El sábado soñé algo que no sé si catalogaría de pesadilla. Era el día anterior al desconfinamiento. Por fin podíamos volver a pisar las benditas calles de Málaga. Sin restricciones, retomando la vida como la concebíamos. Al día siguiente amanecía nervioso, presto para salir. Pero despertaba ciego. Justo a las puertas de volver a enamorarme de mi ciudad, una doble oscuridad. Entonces pasé a desear una cuarentena eterna, para qué volver a una ciudad que ya nunca podría contemplar de nuevo. Semanas después, abandonado a la desidia y en coma emocional, mi familia conseguía arrastrarme a las calles.

El trayecto en coche resultaba un limbo absoluto, una ceguera mayor si cabe cuando has memorizado tantos recovecos circulando. De pronto, el fin de trayecto. Se apagan la música de la radio y los vanos intentos por animarme. Se abre la puerta. Y una caricia salada se deja caer rendida, como si llevara años apoyada sobre el metal ardiente del automóvil esperando a que le abrieran. Ya en la calle, sobre un firme aún moteado de ese rocío vespertino que resbalan de los últimos embates del Melillero, otro perfume se entrevera con el primero; son las primeras llamas en una barquilla que prepara la comunión fatua de varios espetos. La algarabía de unos niños, que rima con el eco de una pelota botando, recibe los coros de unas gaviotas que les sobrevuelan a cientos de metros, paseando dulcemente el lomo sobre esos rayos que a las seis de la tarde empiezan a pintar Málaga de sepia.

Tras varios minutos caminando con inseguridad del tenso brazo de mi hermano, la blandura húmeda del terreno me deja caerme sin miedo, apenas por un precipicio de un segundo que acaba en la arena. Me tumbo, extiendo el dorso de brazos y piernas como si quisiera romperlos. De pronto vuelvo a ver. No la realidad, sino la película de recuerdos que me golpea en diapositivas atropelladas. De la libertad que solo te concede la infancia, de besos furtivos en una playa nocturna, de una mirada infinita al reino de las musas.

Y pido andar y andar hasta la extenuación. Por un paseo marítimo de dos nombres pero una sola pasarela por la libertad. Y que abre la llave del vibrante nido de vida que emana desde calle Larios.
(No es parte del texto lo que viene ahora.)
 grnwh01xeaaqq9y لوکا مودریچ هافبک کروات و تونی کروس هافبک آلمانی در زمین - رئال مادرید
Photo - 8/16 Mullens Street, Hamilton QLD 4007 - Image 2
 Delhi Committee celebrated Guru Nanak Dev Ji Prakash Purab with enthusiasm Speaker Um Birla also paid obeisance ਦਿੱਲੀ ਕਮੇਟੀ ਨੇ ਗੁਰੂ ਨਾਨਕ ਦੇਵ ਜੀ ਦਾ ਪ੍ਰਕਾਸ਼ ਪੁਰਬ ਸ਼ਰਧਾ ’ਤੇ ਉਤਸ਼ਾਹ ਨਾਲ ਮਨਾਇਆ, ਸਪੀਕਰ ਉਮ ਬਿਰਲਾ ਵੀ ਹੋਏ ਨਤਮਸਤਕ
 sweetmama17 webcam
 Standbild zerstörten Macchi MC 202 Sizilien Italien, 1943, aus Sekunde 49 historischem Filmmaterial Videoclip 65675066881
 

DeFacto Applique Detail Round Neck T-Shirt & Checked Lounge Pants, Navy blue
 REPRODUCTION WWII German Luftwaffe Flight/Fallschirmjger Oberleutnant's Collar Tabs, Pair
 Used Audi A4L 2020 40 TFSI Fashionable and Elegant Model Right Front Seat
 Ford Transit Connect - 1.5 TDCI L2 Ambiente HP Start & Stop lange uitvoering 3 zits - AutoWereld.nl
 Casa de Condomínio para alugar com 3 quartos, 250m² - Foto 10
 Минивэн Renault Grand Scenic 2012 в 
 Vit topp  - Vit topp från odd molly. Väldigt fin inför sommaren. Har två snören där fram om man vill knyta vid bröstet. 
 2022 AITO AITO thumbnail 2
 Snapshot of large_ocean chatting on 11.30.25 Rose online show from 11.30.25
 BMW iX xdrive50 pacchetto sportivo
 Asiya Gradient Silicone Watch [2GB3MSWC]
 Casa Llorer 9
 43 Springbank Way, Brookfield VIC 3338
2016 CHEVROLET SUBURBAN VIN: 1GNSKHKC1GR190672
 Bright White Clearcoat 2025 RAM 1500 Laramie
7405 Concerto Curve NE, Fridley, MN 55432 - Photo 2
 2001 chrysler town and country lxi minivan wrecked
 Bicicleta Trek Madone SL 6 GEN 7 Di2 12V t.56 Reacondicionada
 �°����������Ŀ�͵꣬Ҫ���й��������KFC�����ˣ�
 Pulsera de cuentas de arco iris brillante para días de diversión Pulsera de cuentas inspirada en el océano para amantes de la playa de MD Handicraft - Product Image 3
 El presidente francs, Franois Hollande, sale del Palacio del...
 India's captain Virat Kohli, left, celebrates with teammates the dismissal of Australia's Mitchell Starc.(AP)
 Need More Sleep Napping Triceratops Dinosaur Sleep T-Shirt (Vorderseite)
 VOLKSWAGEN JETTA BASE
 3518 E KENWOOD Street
Una ciudad dentro de la ciudad. Donde la sombra se ve porque se siente por cada poro de la piel. Incluso ya a esta hora, disfrazada de noche que embriaga con biznagas inesperadas. Y ya no quiero volver a casa, no quiero despertar. Porque es con la luna asomada sobre la Manquita cuando el silencio se deja oír en forma de su educada brisa marina, que vergonzosa sale a pasear solo cuando la miran los poetas y los amantes escondidos...

Llegados a este punto, he de confesar algo: no, no fue un sueño. Simplemente, me senté en el sofá y cerré los ojos para recordar cómo se vive aquí. Que si ser ciego en Granada es una pena, en Málaga es imposible.